Solitude doesn’t exactly have the best reputation. Most of the time, just mentioning it is enough for people to assume something bad is happening. And honestly, in many cases, maybe that’s true. There’s a worrying epidemic of loneliness these days, especially with how individualistic people have become and how little empathy exists between human beings now. Still, this time, I decided to do something I once read in a book by Hermann Hesse: “Walk a path near the end of the afternoon completely alone, and by the time you finish, you’ll feel fulfilled and deeply connected with yourself.”
Anyone who has read Hesse knows he was never some generic self help writer full of empty motivational nonsense. In fact, I decided to follow his advice precisely because I felt identified with it. During the past month, I had been trapped between Christmas shopping, exhausting end of year work responsibilities, and my duties as a mother. I started feeling like I was slowly losing myself somewhere in the middle of all that noise. Like I hadn’t had a single second to simply exist for myself. And that feeling can become overwhelming. It’s strange when you realize something inside you feels off, but you can’t fully explain what it is or where exactly the fracture began.
So I decided to take a long walk. From one side of my city to the other, crossing almost the entire extension of San Diego, Venezuela. I wanted to get as far away from home as possible. It felt necessary somehow. I hate monotony, and I’m the kind of person who constantly needs to break patterns before routine starts feeling suffocating. Wednesday afternoon, January 1st, 2025. The city was unusually empty, almost ghostlike after the New Year celebrations. Exactly what I needed. To my surprise, public transportation was working normally, so I started my little journey without any trouble.
I made my way toward an area full of trees, walking paths, and dry autumn leaves scattered across the pavement. The moment I started walking, I noticed how different the atmosphere felt there. Fresh air, slightly cold weather, and a breeze strong enough to constantly remind you it existed. I had thought about making a playlist and listening to music while walking in silence, but for some reason, I abandoned the idea at the last minute. It was just me, my footsteps, and my mind trying to reconnect with itself. I walked for several kilometers. I honestly don’t know how many. I only stopped when I found an abandoned playground.

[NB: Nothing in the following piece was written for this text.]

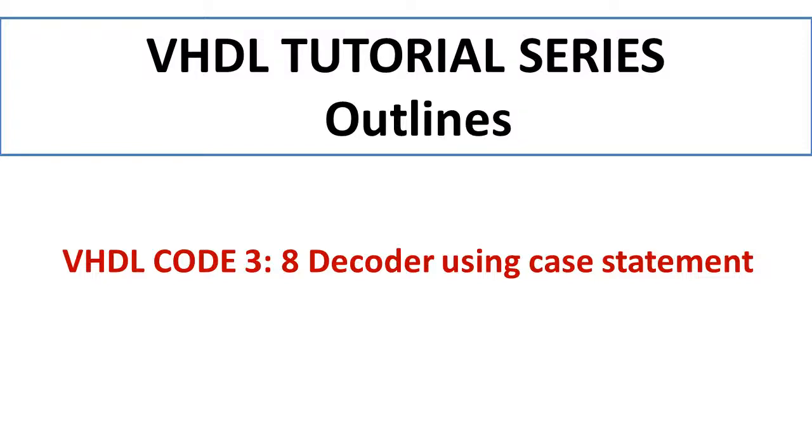In this segment we will discuss about decoder 3-to-8 and how to write its code using case technique. In the previous video we have discussed about encoder and we have written a VHDL code for encoders.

That place, built for children to laugh and play, had clearly seen better years. Now it looked like the remains of another time entirely. And yet, under the colors of a January sunset, it looked beautifully chaotic. That’s where I stopped walking. I simply couldn’t ignore the way the sunlight filtered through the horizon. The photographs I took don’t even come close to capturing what it actually looked like. I think my walk lasted a little over three hours. I left home around 4 PM and somehow returned close to 7 PM without even realizing it. I never checked my phone. Not once. No notifications, no conversations, no need to connect with anyone. I was simply immersed in my own solitude. That kind of solitude people fear so much, even though sometimes it isn’t negative at all. Sometimes it’s necessary. Sometimes it’s exactly what the mind needs.